World economy vs. D.C. games; or, the trade bill's plight.

WASHINGTON -- Obstructionism sometimes makes for odd companions, and that was certainly the case when Congress set aside pleas from the Clinton Administration and failed to approve the world trade agreement.

In the Senate, approval was blocked by a Democrat, Sen. Ernest Hollings of South Carolina, who was overcome by affection for the textile manufacturers in his state. In the House, chief GOP firebrand Newt Gingrich of Georgia tossed the trade bill onto the pile of Democratic initiatives that Republicans were gleefully incinerating.

In both chambers, there was a stampede by members to escape the frustration of political gridlock and begin campaigning.

A lame duck session is set for late November so Congress can return to the trade bill, and Democratic leaders have offered assurances that it will be passed.

Opponents will be making a mistake if they focus on parochial concerns and end up blocking something that by most accounts will provide broad benefits to the United States and the global economy.

The world trade bill would ratify painstaking multilateral negotiations over many years under the General Agreement on Tariffs and Trade. It would lower tariffs on a wide range of goods and enable U.S. exporters to expand their markets throughout the world. With the European and Japanese economies on the move again, the timing could not be better.

Treasury officials estimate that over 10 years a GATT agreement would slash global tariffs by $744 billion -- a massive tax cut that would put money directly into people's pockets. U.S. production would be raised by an estimated $1,200 per worker, and somewhere between 300,000 and 700,000 jobs would be created.

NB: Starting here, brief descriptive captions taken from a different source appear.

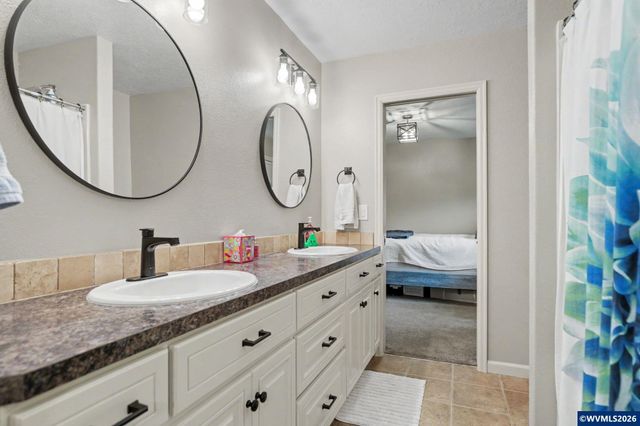 555 Yapa Dr, Silverton, OR 97381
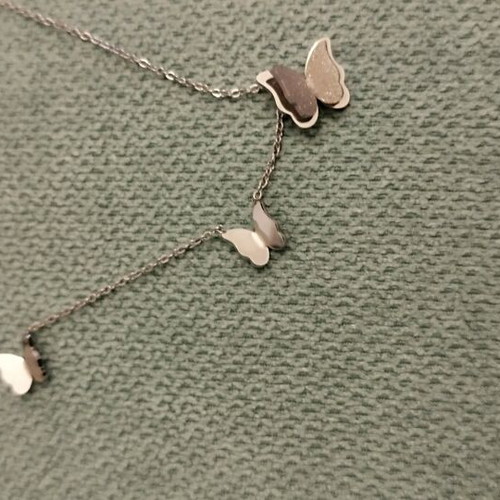 Stainless steel necklace with butterflies like new, silver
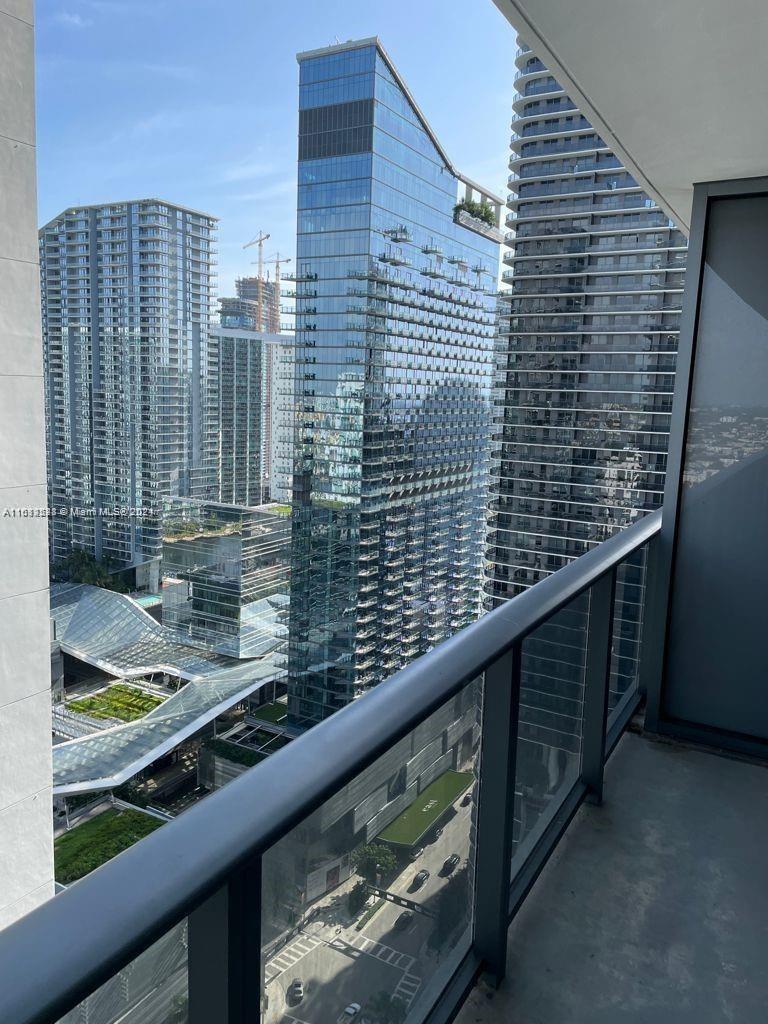 Great Furnished unit with spectacular city views from the 32 floor in the heart of Brickell. Unit comes fully furnished at no extra cost so you can move in immediately. Featuring tile floors throughout one and a half bathrooms, master bedrooms with walk in closet. Luxurious building with top of the line amenities, rooftop pool, Gym, Valet, business center, etc. 
Walking distance from City Centre shopping, Supermarkets, top restaurants and shops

The bottom line is that increased trade adds directly to income, employment, and growth. Moreover, no one doubts that U.S. companies are now poised to make big inroads in foreign markets. The dollar is cheap compared with other currencies, and the quality of U.S. products is again worldclass after two decades of global competition and technological innovation.

If Budweiser can sell beer in London and IBM can sell computers in Japan, U.S. companies can sell anything anywhere. The "Made in U.S.A." label is back in vogue again around the world.

Opponents of the GATT trade bill are fighting against the tide of history, but their actions are not riskless.

In Russia, democracy is imperiled in an economy threatened by private gangs and runaway inflation. In Spain, unemployment is running more than 20%, about what it was in the United States during the Depression. Elsewhere in Europe, the extreme right is on the rise, feeding on joblessness and immigration worries.

Opponents of the trade bill are forgetting the urgency of bringing nations together in a world that is still threatened by forces that can tear it apart.